1、泛指理性或某种理性。研究者认为,朱子是理性主义者,理即是代表理性的,理就是理性。但它是何种理性?却又有不同理解。有人认为是“思辨理性”,因为朱子所说的理是“形而上者”,即是指绝对观念或精神,不是今人所说的科学理性。有人则认为是“实践理性”,是指导人的行为的普遍法则或原理。又有人认为是“实用理性”,即为现实政治服务并提供论证的,或为现实目的服务的。当然还有人认为是“认识理性”,即概念的认识。

究竟何为理性?在西方哲学中是有争论的,但是,有一个基本的共识,就是指人的理智能力,这种能力能够把握事物的客观普遍性,必然性。如果从这个意义上说,朱子之理也可以称之为理性,但究竟是哪种理性,则由于个人的理解不同而不同。

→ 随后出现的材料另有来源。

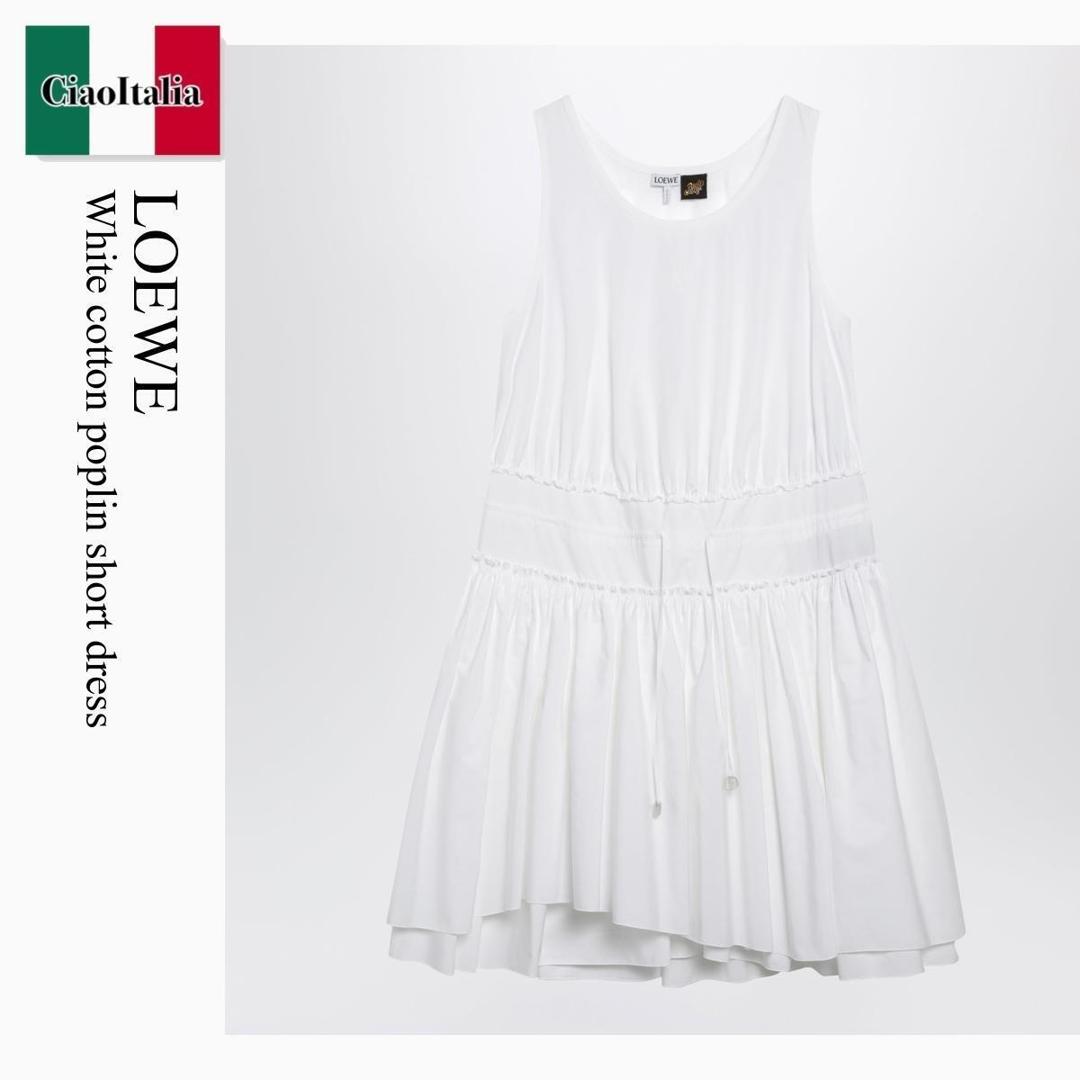 【物量制限事項・店卸し資産極限点・早め者制覇！】 ロエベ / Loewe White Cotton Poplin Short Dress / S616Y09XCF / S616Y09XCF 2100 / S616Y09XCF2100 / 衣裳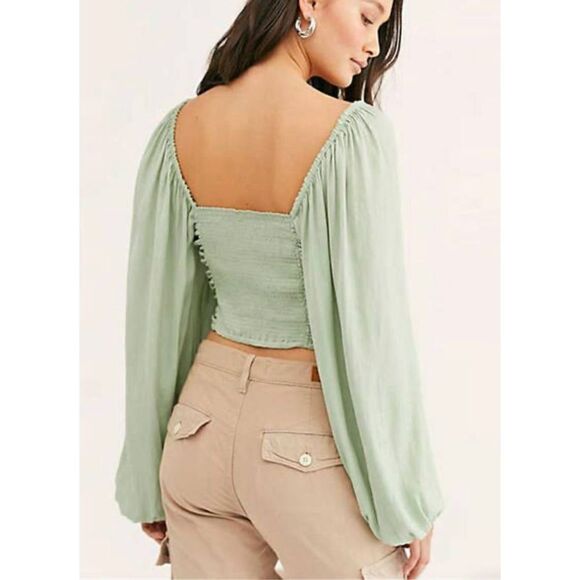 Free People laria Blouse Pleated Adjustable Drawstring Puff Sleeve bright Mint g - Picture 2 of 15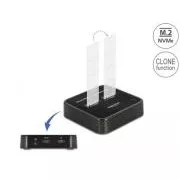 Delock M.2 dokkolóállomás 2 x M.2 NVMe PCIe SSD-hez klónozási funkcióval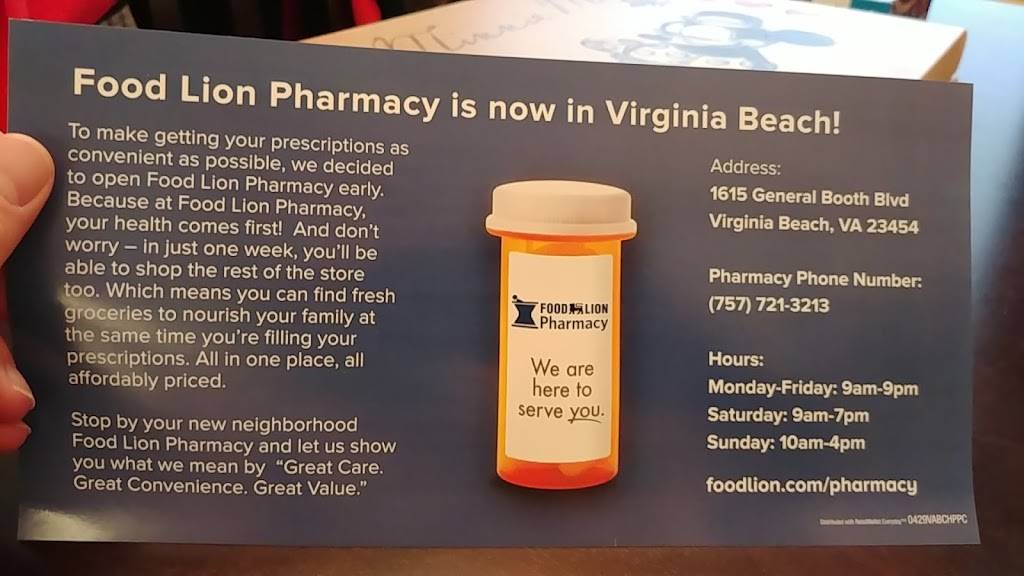 Food Lion Pharmacy | 1615 General Booth Blvd, Virginia Beach, VA 23454, USA | Phone: (757) 721-3213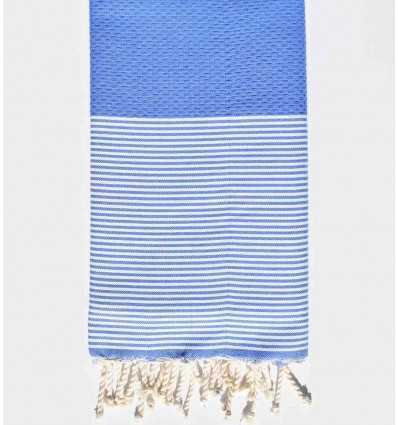 Fouta nid d'abeille bleu moyen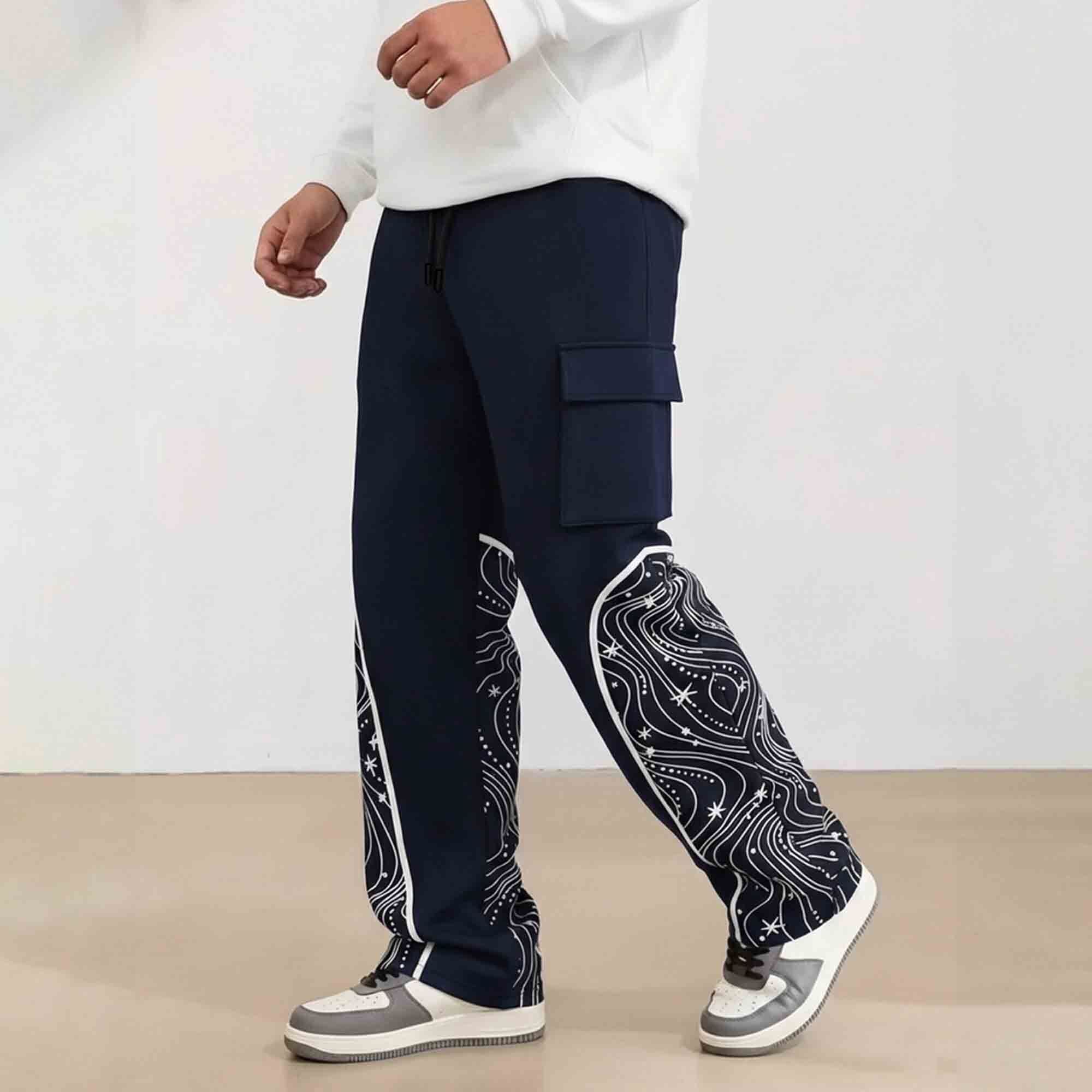 Men Multi Pockets Designing Printed Baggy Cargo Navyblue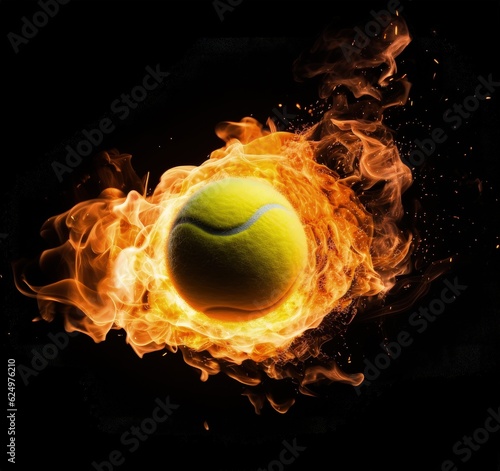 Tennis ball in flames on black background, sport concept. Generative AI © Deivison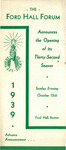 Ford Hall Forum Announcement of 32nd Season, 1939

2、指本体。即认为朱子是讲本体论的,理就是本体。但是,一说到本体,就很容易用西方的本体论进行解释,认为朱子的理就是西方哲学所说的本体。但是,西方哲学的本体就是实体,本体论就是实体轮(主流派),本体与现象是对立的,分属于两个世界。一方面,本体是现象之本体(根据),现象是本体之现象(显现);另一方面,只有本体是真实的,现象则是不真实的。有学者指出,西方哲学的本体“真而不存”,现象“存而不真”,中国的哲学本体在现象之中,而现象是真实的(张岱年)。这当然很有道理。但是,即便如此,朱子所谓理是不是实体?这还是值得进一步思考的。朱子所说的“道体流行”、“天理流行”,就同静态的不变的实体并不相同。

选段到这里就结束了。